A common question I get from entrepreneurs is, “How do I know when my startup is about to implode?” It’s an important question and one that needs to be asked often. The answer is not a simple one as it depends on several factors.

You may have read about the 40% Rule. The rule states your growth rate plus your operating margin should equal 40%. Let’s look at this rule a bit closer using a five-year analysis, with year 1 not necessarily indicating first year in business. COR + Operating Expense includes cost of revenue and operating expense.

Growth At All Cost: 100% Growth and -60% Operating Margin

The Growth At All Cost scenario is a common scenario in venture-backed companies. The idea is your high revenue growth would offset the losses. However, this scenario does require a substantial amount of capital to sustain.

This scenario is acceptable on a long term basis for ad-based models, which require the company to build up a user base to sell ads against or monthly subscription models, which require substantial sales and marketing dollars to acquire a customer who will pay small amounts over monthly payments, eventually allowing you to recoup sales and marketing expenses. In general, we commonly see this scenario in growth companies — across various industries — looking to land grab where they can. The initial goal is growth, not profitability.

If your company is at this stage and can justify this performance you are safe, given that you can raise enough capital to stay afloat.

growth at all cost


Break-Even: 40% Growth and 0% Operating Margin

The Break-even scenario is typically seen when a company is moving out of growth at all cost stage and is normalizing. On average, a company reaches break-even point near year three. However, it is highly dependent on your industry and growth strategy. For example, if you’re building a marketplace (low risk), you may reach profitability sooner than a company with an ad-based (hi risk) model. A marketplace allows you to set up a platform and receive compensation once transactions occur, hence decreasing risk.

One caveat: a low risk revenue model (i.e. marketplace) can still incur significant year-over-year losses if it focuses on a growth at all cost strategy. Uber is an example of a company that should breakeven, yet continues to expand in various regions.

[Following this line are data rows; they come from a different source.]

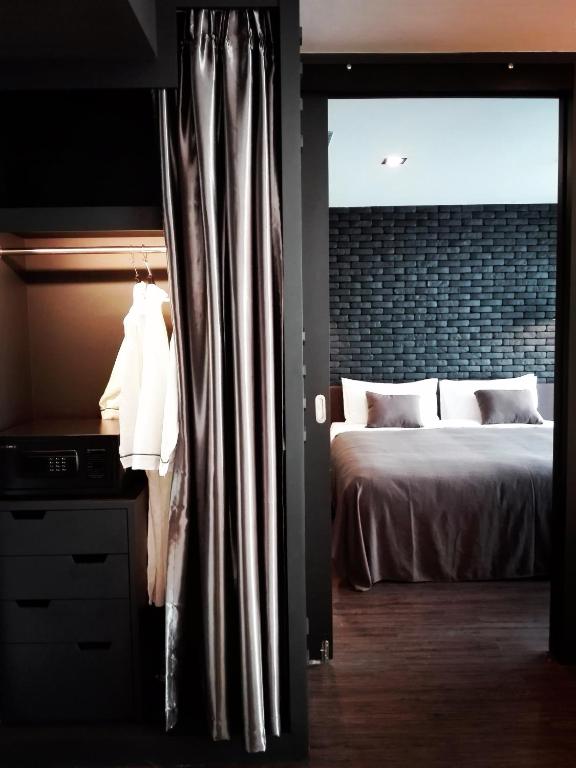 S Hadyai Hotel - Resim 21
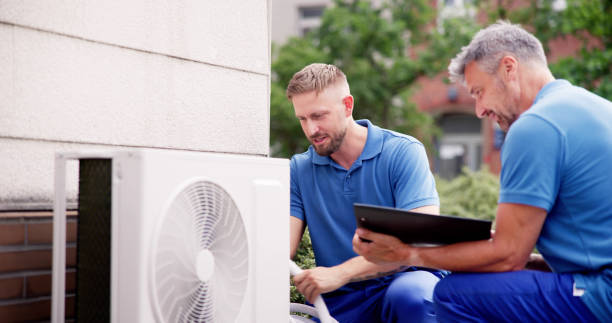 Best Affordable HVAC services  in Hampton, MD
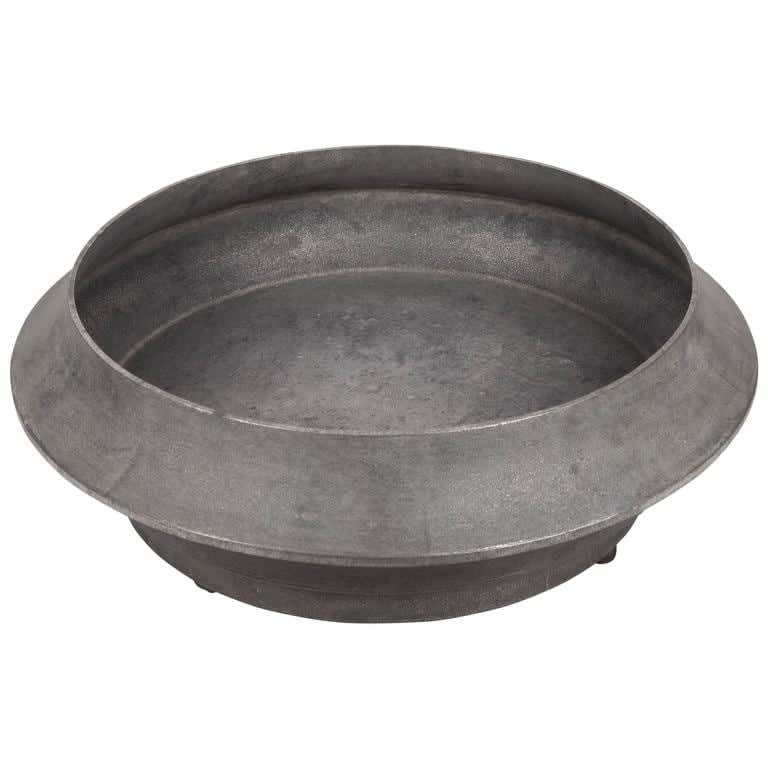 Lorenzo Burchiellaro, Low Modern/Minimalist Planter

Ramen Profitable: 20% Growth and 20% Operating Margin

The Ramen Profitable scenario is typically seen when a company is moving out of break-even stage and gaining profitability. This is typically experienced beyond year three. However, as previously noted, it could take longer depending on industry and growth strategy. On the flip side, it could be achieved on day one if you are building something that is inexpensive to run and produces significant revenue.

Ideally you would continue on this path until you’ve reached the point of market saturation, defined as the point in which you can no longer gain market share. Unfortunately, some companies fall into two dreaded scenarios: Plateau or Decline.



Plateau: 0% Growth and 40% Operating Margin

The Plateau scenario is typically seen when a company has stalled. Immediate action is needed to determine whether the customer profile has changed or whether the cause is economic forces outside of your control. For instance, has the customer pain point changed no longer requiring the product or service? We saw this when the demand for taxis was offset by the demand for black cars. Or perhaps the economy has changed and consumers are no longer spending in this segment. We saw this in the past few recessions. Consumers began to prioritize their spend and there was very little companies could do to change this behavior. In either case, if you are able to cut costs allowing for a 40% operating margin you have a chance at survival. The real question is: How long can you sustain this?



Decline: -10% Growth and 50% Operating Margin

The Decline scenario follows the Plateau scenario and is further indication that the company is in trouble. At this point, the company may want to determine whether a sale or divestiture is in order. If revenue is declining, the ability to sustain a 50% operating margin will become increasingly difficult.

These four models lay the framework for mature companies. However, early stage companies fit more in a pre Growth At All Cost scenario. An early stage company typically follows the pattern of high growth before moving into 100% growth, and settling in around 50% growth.



Early Stage Model: 300% to 50% Growth and -100% to 20% Operating Margin

The Early Stage Model scenario is typically seen prior to Growth At All Cost stage as a company is going from product market fit to early traction. This stage typically takes about two years. A company can expect to have high losses in the early years, break-even around year three and settle into 20% operating margins in year five. Naturally, for some companies, this can vary.

early stage


The graph below illustrates how each of the six scenarios fits into the company lifecycle.



Modeling Early Stage Growth

The 40% Rule provides high level scenarios for mature companies but if we want to see granular data for early-stage companies, we need to look at our weekly growth rate. A good benchmark for weekly growth rate is between 5% to 10%. If we extrapolate this growth rate out, we see that it aligns with the Early Stage Model. I rounded the numbers, but the weekly rates of 5% to 10% will get you close to 100% to 300% annual growth.

growth rate


How to Track Your Numbers

I am a strong believer that you should track your metrics daily. Whether it’s revenue or users, the ability to spot issues is easier if you’re observing your metrics on a daily basis.

If you see your daily metrics slipping, you are in a position to make adjustments. If you track your metrics monthly you may miss a critical inflection point.